Sebuah organisasi gereja internasional melaporkan dalam situsnya (http://www.newwway.org/cpm/)  bahwa jumlah keseluruhan gereja baru di dunia mengalami peningkatan pesat, contohnya saja pada tahun 1999 meningkat sebesar 37,4%.  Sumber tersebut menambahkan bahwa pertumbuhan gereja yang tinggi tersebut telah berhasil meningkatkan jumlah orang yang dibabtis menjadi Nasrani.  Sebagai contoh data tahun 1999 tercatat jumlah rata-rata orang yang dibabtis menjadi Nasrani 114.000 orang per tahun untuk suatu wilayah seluas  propinsi (angka rata-rata di negara-negara Asia Timur).  Padahal 8 tahun yang lalu (1991) mereka hanya mampu men-kristenkan sekitar 85 orang per propinsi per tahun.  Saat itu (1991) angka rata-rata pertumbuhan gereja di negara-negara Asia Timur baru sekitar 3 gereja per tahun per propinsi, sedangkan tahun 1999 pertumbuhan gereja sudah meningkat drastis menjadi sekitar 40 gereja per propinsi per tahun.
  Mereka (para misionaris) kemudian menyimpulkan sendiri bahwa setiap peningkatan jumlah gereja selalu berkaitan erat dengan peningkatan jumlah orang baru yang dibabtis menjadi Nasrani.  Dengan kata lain, setiap pertambahan gereja baru terbukti berhasil meningkatkan jumlah penganut baru Nasrani.  Inilah yang menjadi alasan para aktifis gereja untuk menambah terus jumlah gereja di seluruh tempat di negeri kita ini, khususnya di wilayah mayoritas muslim.  Bagi para penginjil, keberadaan gereja di wilayah muslim diibaratkan seperti pangkalan militer penjajah yang berhasil dibangun di wilayah musuh yang akan dijajah.
  
  Angka Pertumbuhan Gereja di Indonesia
     
  Jumlah Gereja               Tahun 1977                   Tahun2004        Tingkat Pertumbuhan
  Gereja Kristen               18.977                          43.909                          131%
  Gereja Katolik                  4.934                          12.473                          153%
  
  Jumlah Total Gereja       23.911                          56.382                          284%
  
  Jumlah Masjid               392.044             643.843             64 %
  
  Sumber data dari Departemen Agama mencatat bahwa pertumbuhan jumlah gereja di seluruh Indonesia dari tahun 1977 (23.911 buah) hingga tahun 2004 (56.382 buah) meningkat sebesar 284 % .    Ini jauh diatas peningkatan jumlah mesjid yang peningkatannya hanya 64 % .
             
  Keberhasilan peningkatan jumlah gereja di Indonesia ini akhirnya berhasil pula menaikkan jumlah komposisi umat Nasrani yang awal tahun 70 an baru dibawah 10 % lalu menjadi sekitar 20 % di tahun 2004 (data ini diperkuat pula oleh hasil penelitian lembaga penginjil internasional, Global Evangelization Movement).
  
  
  Mengapa umat Nasrani ingin mendirikan gereja sebanyak-banyaknya ?
  
  Alasan resmi yang mereka kemukakan adalah :
  1.                   Karena banyaknya umat Nasrani di suatu wilayah tertentu yang membutuhkan gereja baru
  2.                   Setiap aliran yang ada dalam agama Kristen masing-masing memerlukan gereja yang khusus, tidak dapat bercampur atau bergantian.  Dengan alasan ini mereka minta mendirikan gereja macam-macam sesuai dengan aliran yang ada.
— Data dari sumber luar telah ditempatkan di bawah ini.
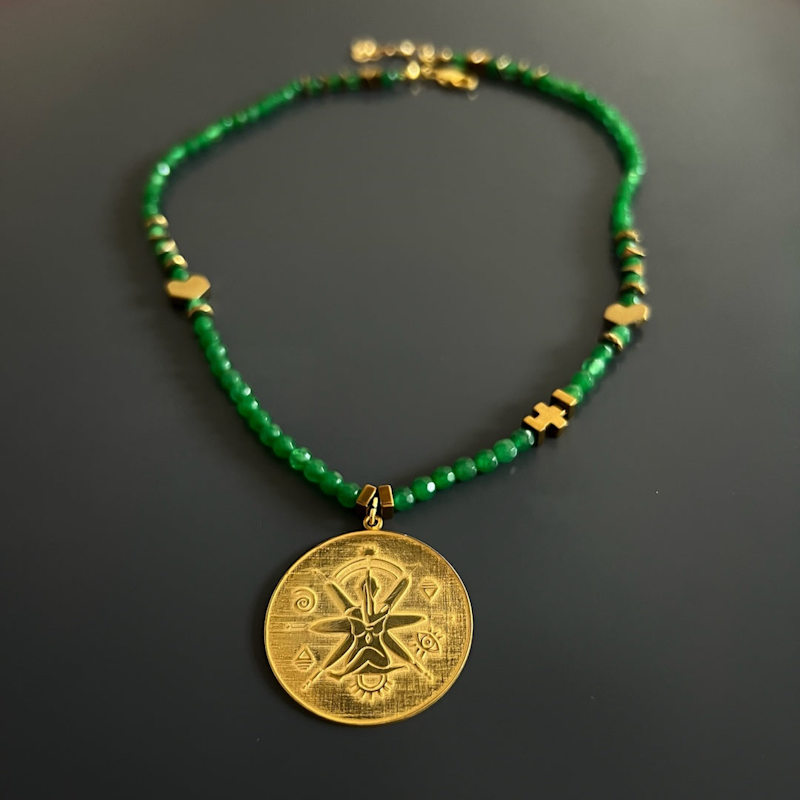 Thumbnail of Green Jade Stone Spiritual Soul Gold Medallion Pendant Necklace - Green image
Mereka sengaja menolak dengan berbagai alasan apabila diminta untuk membagi waktu penggunaan suatu gereja berdasarkan jenis aliran Nasrani yang mereka miliki.
  3.                   Mendirikan gereja adalah hak asasi setiap warga negara. Mereka selalu berkilah dengan mengatakan pembatasan pendirian gereja bertentangan dengan UUD ´45 Pasal 29 ayat 2 yang menyatakan bahwa " Negara menjamin untuk masyarakatnya memiliki kebebasan beragama maupun kebebasan beribadah.
  
  Alasan sebenarnya yang perlu diantisipasi dan diwaspadai adalah :
  1.                   Melalui bangunan gereja mereka ingin membentuk citra yang positif bagi umat agama lainnya bahwa Nasrani adalah agama yang kuat dan besar, karena gerejanya ada dimana-mana (walau kebanyakan kosong).
  2.                   Menjadi sarana (perpanjangan tangan para penginjil) untuk penyebaran agama Nasrani
  3.                   Berdirinya suatu gereja di lingkungan umat Islam, bagi strategi gereja sudah berarti bahwa kehadiran Nasrani sudah ‘diterima’ ,  sejak saat itu siapapun tokoh agama mereka, entah penginjil atau penyebar agama sudah bebas masuk wilayah itu tanpa perlu dicurigai lagi.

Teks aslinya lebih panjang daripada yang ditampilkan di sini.